New York Times Story on Leak Raises Questions
A story published by the New York Times on Sunday to clarify its coverage of the Valerie Plame leak case has instead raised a series of new questions and complaints about veteran reporter Judith Miller and her supervisors in the long-running controversy.
Critics inside the paper and in the wider journalism community said Monday that they found particularly disturbing the revelation that the newspaper's editors seemed unable to control Miller and that the reporter agreed to use a misleading identification to shield the identity of I. Lewis "Scooter" Libby, Vice President Dick Cheney's chief of staff.
The Pentagon also raised doubts about Miller's contention that she had a special security clearance that allowed her to report on the search for weapons of mass destruction in Iraq.
Some critics were particularly harsh, noting that the 57-year-old Miller's work had been questioned before.

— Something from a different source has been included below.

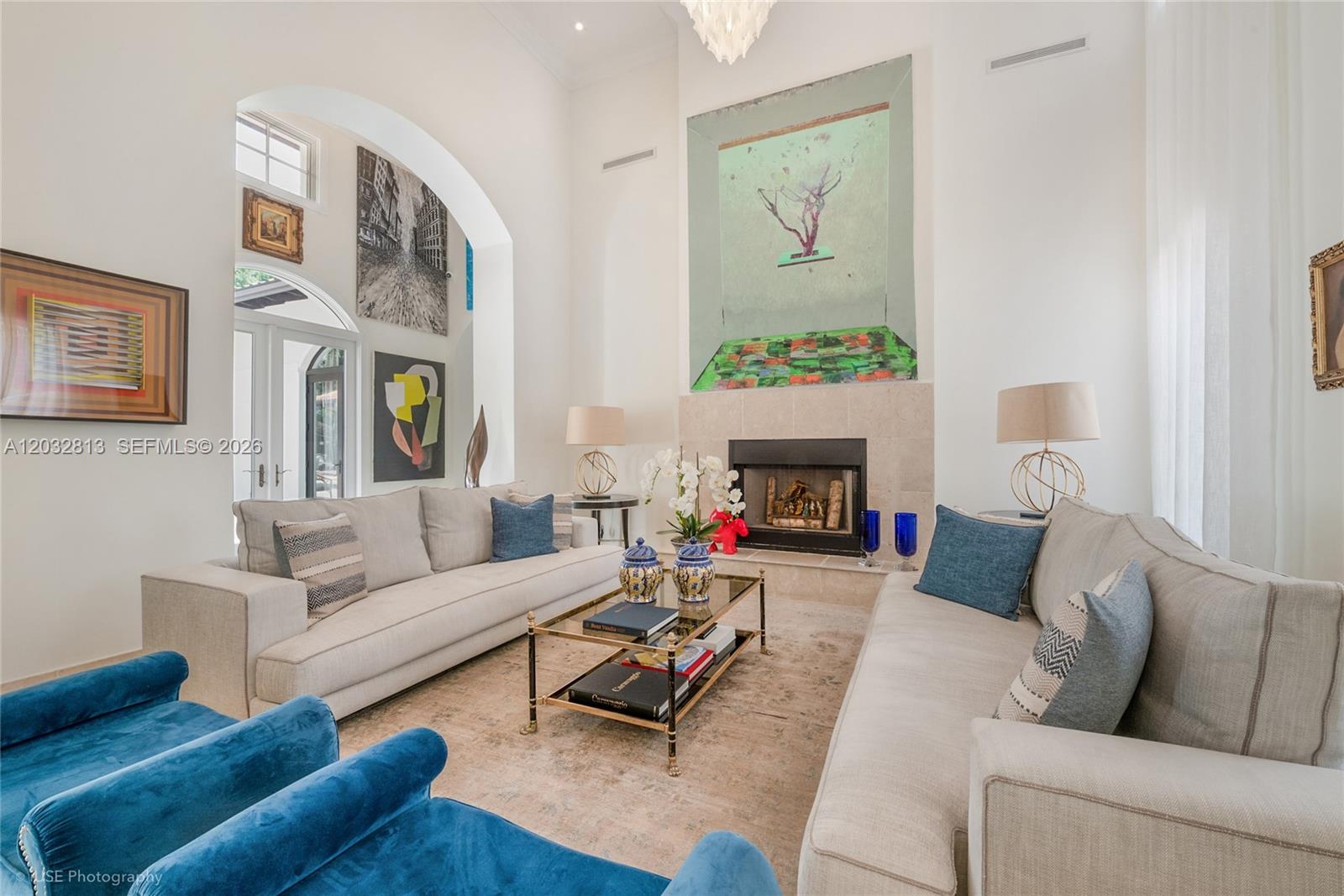 A living room features two beige sofas, blue armchairs, a fireplace, and large wall art — 7405 SW 104th St, Pinecrest FL 33156, PINECREST, FL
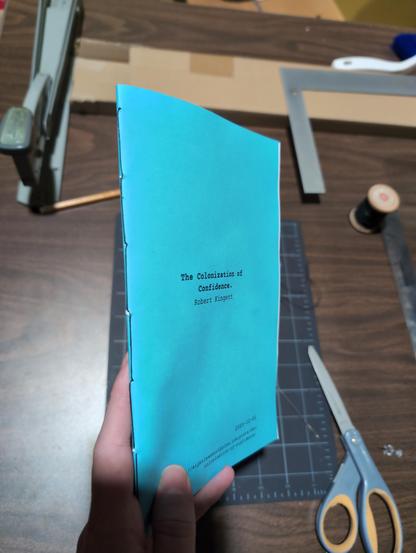 A pamphlet of The Colonization of Confidence by Robert Kingett, with a blue cover, being held so that the black stitched binding can be seen. In the background is a worktable with scissors, a cutting mat, thread measuring tools and the stapler I'd been using.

Her editors had pulled her off coverage of Iraq and weapons issues in 2003 and later ran an unusual editors' note admitting that they could no longer stand by six stories about weapons of mass destruction, or WMD -- including five that Miller wrote or co-wrote.
"I don't know why she was allowed to do all these things and where the people were who were supposed to manage her," said one Times reporter, who asked not to be named out of concern of antagonizing the paper's editors.
Rem Rieder, editor of the American Journalism Review, was even more pointed in a criticism published Monday in the trade publication's online edition.
"Most disturbing is the sense that the Times at times is a ship without a skipper or, better yet, an asylum run by the inmates," Rieder wrote. "Strong leadership and editorial oversight seem hard to come by."
The reactions followed the Times' Sunday story and an accompanying first-person account by Miller about her four hours of testimony before a federal grand jury.
The panel, directed by special prosecutor Patrick J. Fitzgerald, is expected to decide by Oct. 28 whether Libby or any other official will be indicted for revealing the identity of Plame, a covert CIA operative. The investigation is focused on determining whether Plame was exposed in retaliation for her husband's attacks on the Bush administration's Iraq policies.
In a memo to his staff Monday, Times Executive Editor Bill Keller praised his paper's 5,000-plus-word account of Miller's reporting about Plame. He called the story a "fine, rigorous piece of journalism."